Who Gets Stuck With The Bad Mortgages?

Lori Ann LaRocco over at NetNet, John Carney’s new CNBC venture, has a good interview with Andy Sandler, one of the Wall Street lawyers very much in the center of the mortgage and put-back fiasco.

Here is one piece that caught my eye:

We’re seeing Fannie and Freddie put-back some of these loans because of that. Is there a tsunami of put-backs forming?

AS: We could have a tsunami. The loan put-back issue is a mirror to what we are seeing with the foreclosure issue right now. Loans are sold based on reps and warranties. Sometimes there are technical difficulties in these reps and warranties. Sometimes there are substantive deficiencies.

Now these technical deficiencies are being used simply to redistribute the losses on these loans. And there is going to be significant litigation on this for a long period of time. For Fannie and Freddie specifically, these are disputes with their business partners. But this is not the market working it.

Fannie and Freddie are under enormous pressure from their government minders to do these put-backs. So in some sense, its the government seeking to recover from their support of Fannie and Freddie. This put-back issue really needs to be looked at in that specific light.
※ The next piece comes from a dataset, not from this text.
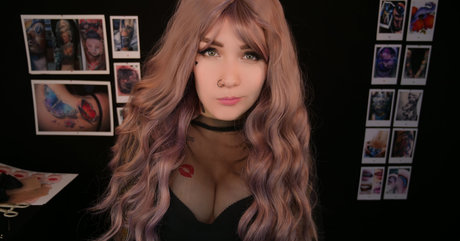 アジア人ニューハーフオンリーファンズ ポルノ 写真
There is a lot of blame to go around on these loans. Fannie and Freddie and other secondary mortgage players knew what they were buying and the risks associated with it. Everyone in the chain was counting on two things: that interest rates would not go up, and that property values would not go down. Everyone gambled but lost.
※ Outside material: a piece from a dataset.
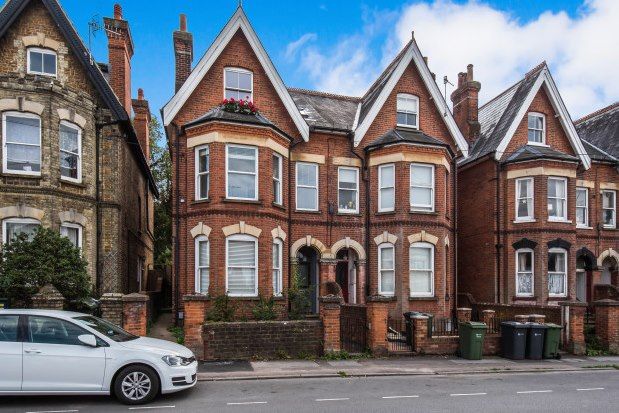 Flat to rent in 10 York Road, Guildford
This neatly sums up for me the sliminess of this whole episode. Everybody was playing the same game and now that it’s come a cropper they’re engaged in a contest to see who gets stuck with the booby prize. This is all about seeing whose lawyers can stick the majority of losses with another party. It’s a zero sum undertaking that adds nothing to the economy. That some of our biggest financial firms as well as the federal government choose to pursue this course rather than accepting their failures and moving on positively explains much about the current state of our economy.